Authors: Jason Short, Tony Guidici, Konstantin Dotchkoff

 

Introduction

With the transition of IT resources and apps to the cloud, one very common requirement is about transferring data from an on-premises or from a client to a cloud environment.

In this blog post we are going to cover common scenarios for data upload to Windows Azure based on our experience from real-life Azure projects. To provide a better context, here are a couple of examples: "storage server" in Azure, file system replication to Azure, custom backup service, disaster recovery, archival storage in Azure, etc.

All of the example scenarios require a massive upload of data to Windows Azure blob storage. In a lot of cases existing components need to be modified to extend the solutions to a Cloud environment. Typical requirements for the upload include: upload as fast as possible, reliable and optimized for throughput.

Comparison of Architecture Patterns

For each of the presented patterns we will provide a short description of the pattern along with key advantages and disadvantages (especially in comparison to the other patterns in this article).

Before we cover the recommended patterns based on best practices from existing projects, we'll start with two scenarios (pattern 1 and pattern 2) we have found to be sub-optimal and with limitations in terms of scalability and performance.

Pattern 1 – Upload Using Receiver Agent (Not Recommended)

A high level overview of the pattern is shown in Figure 1:

Figure 1 – Data upload to VHD disks using receiver agent

Description:

A client component sends data to an agent running on Windows Azure Virtual Machine (VM) instance(s) that writes the data to .vhd disks attached to the VM. This pattern is the easiest way to move existing functionality from an on-premises solution to Azure without making any significant changes.
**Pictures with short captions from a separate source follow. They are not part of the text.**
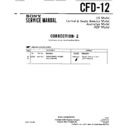 Sony CFD-12 (serv.man2) Service Manual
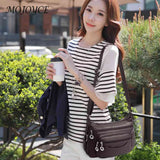 Women Tote Handbag Soft Leather Messenger Classic Solid Zipper Ladies Travel
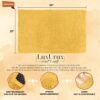 LuxUrux Bath Mat-Extra-Soft Plush Bath Shower Bathroom Rug, 1'' Chenille Microfiber Material, Super Absorbent Shaggy Bath Rug (Yellow, 50 x 80 cm)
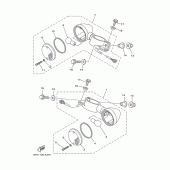 Схема узла: Поворотники Yamaha XV1700 Road Star Warrior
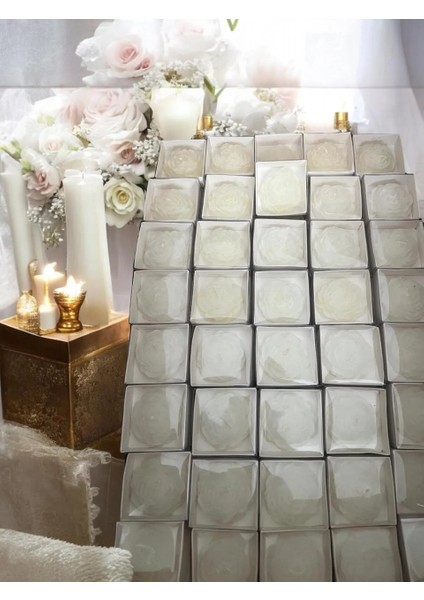 Aralmini 20 Adet Özel Mini Şakayık Mum Davet Nikah Söz Niş modelleri
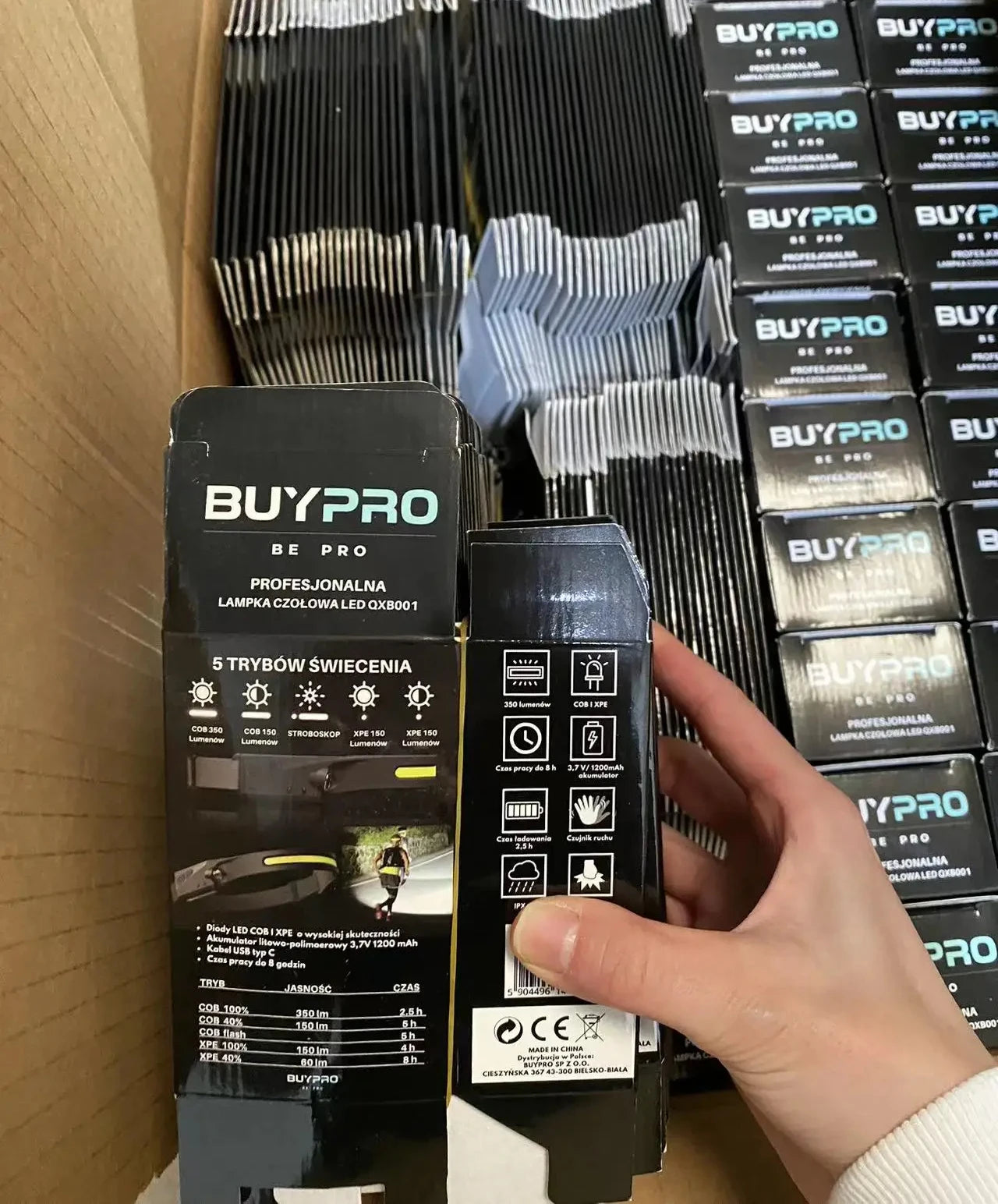 Pro Ear Hook Sports Touch Screen Custom Fit Wireless Earbuds V5.4 ENC IPX-6 Type-C 10-15h Battery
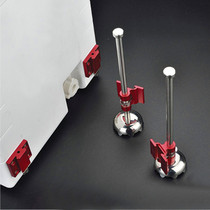 Removable fishing box lifting feet thick stainless steel large ground claw fishing box telescopic leg fishing box accessories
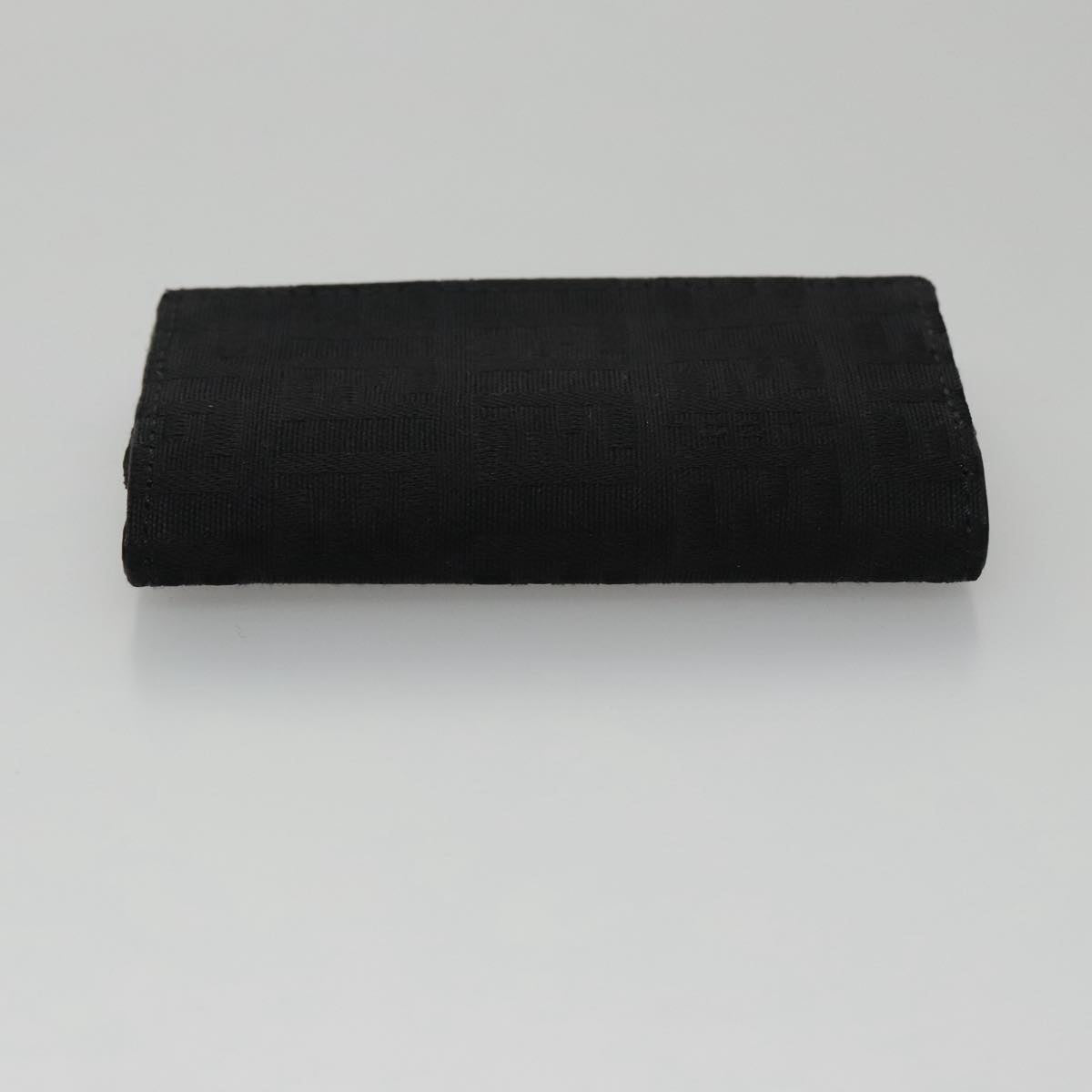FENDI Zucchino Canvas Key Case Black am7391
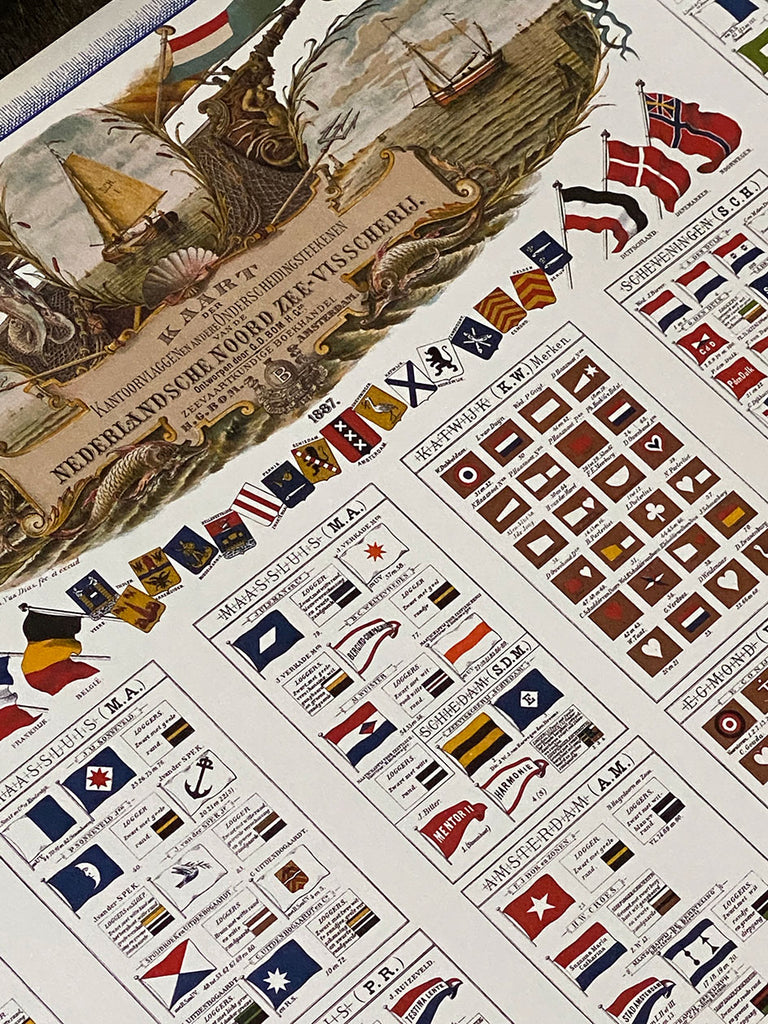 White Placemat · Flags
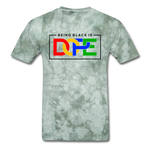 Being Black Is Dope - military green tie dye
However, by using this pattern you don't really take a full advantage of the benefits of a cloud environment.

Advantages:

  • Potential reuse of an existing on-premises component

Disadvantages:

  • Limited Scalability:
    A single VM has limits (based on the VM size) in terms of number of disks that can be attached, IOPS and network bandwidth. Scalability can be achieved only through adding more VMs which could be associated with technical challenges and increased cost for the solution.
  • Cost implications:
    At least two VM instances need to be up and running 24x7 for availability, which potentially increases the cost of the solution.
  • Concurrency management:
    Because you'll need to run at least 2 VM instances for high availability, you probably need to do one of the following in order to avoid concurrency issues during the data transfer:
    • Open a session and keep it open for the duration of the transfer
    • Use client affinity, so that every request from a client goes to the same compute instance
    • Implement an active/passive scenario where only one instance will process the requests and the other is a stand-by instance in case the first one fails.
  • Different runtime behavior than on-premises:
    If you are migrating an existing component, be aware that moving it to a VM running in Azure will introduce a very different runtime behavior in terms of latency, performance, and stability of the connections. You definitely will need to adjust your client component and make it more resilient to handle those differences.

Pattern 2 – Upload to Blob Using Receiver Agent (Not Recommended)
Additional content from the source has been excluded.